After ACL reconstruction, finding small motions that cause big problems

Posted on 30. Aug, 2012 by in Academic Departments, Healthcare and Medicine, Issues, Mechanical Engineering, Research, Students, Summer: Annual Report

Jarred Kaiser

The researchers use MRI to take images of the ACL at different points in a continuous cycle in which a subject flexes and extends the knee against an external load to simulate walking. Photo: Mark Riechers.

People who tear their anterior cruciate ligament, a ligament in the knee that provides stability to the connection between the tibia and femur, usually must opt for a complete ACL reconstruction with a portion of another ligament.

However, about 90 percent of people who undergo reconstructive ACL surgery develop osteoarthritis—knee pain, swelling and stiffness—within 20 years. Many of these people first injured their ACLs as young athletes, which means that in their 40s or 50s, they’re facing debilitating knee pain that often only a total joint replacement can fix.

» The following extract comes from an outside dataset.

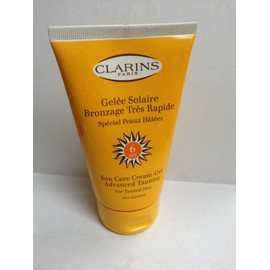 Clarins SUN CARE CREAM-GEL ADVANCED TANNING BY CLARINS SPF 6 NEW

Mechanical Engineering Associate Professor Darryl Thelen and graduate student Jarred Kaiser (pictured) think the reason for this lies in tiny changes to knee motion following ACL reconstructive surgery. Over a person’s lifetime, knee cartilage fibers align to support precise distributions of different types of forces. So, even small changes after a surgery essentially could turn the knee against itself, damaging the cartilage by stressing it in places and ways it can’t handle.

The team is overcoming one major challenge—how to image the knee’s real-time motion in three dimensions without extremely specialized equipment or large amounts of radiation—by adapting MRI techniques currently used by cardiac researchers. Working with Medical Physics Assistant Professor Oliver Wieben, Thelen and Kaiser use the MRI to take images at different points in a continuous cycle in which a subject flexes and extends the knee against an external load (pictured) to simulate walking. By combining images from many cycles, they gain a clear, 3-D video of a single cycle.

So far, they’ve found that the knee can move dramatically differently after an ACL reconstruction, even when an orthopedist might not detect any irregularity. Along with Radiology Associate Professor Rick Kijowski and Orthopedics Assistant Professor Geoffrey Baer, they’re imaging subjects before and after ACL reconstruction and tracking how specific changes in motion correlate to early indicators of osteoarthritis—which can emerge within a year or two of surgery—in the knee cartilage. Thelen hopes his research can help form guidelines for surgery that lead to more normal motion, reduce wear on knee cartilage, and decrease the chance of osteoarthritis.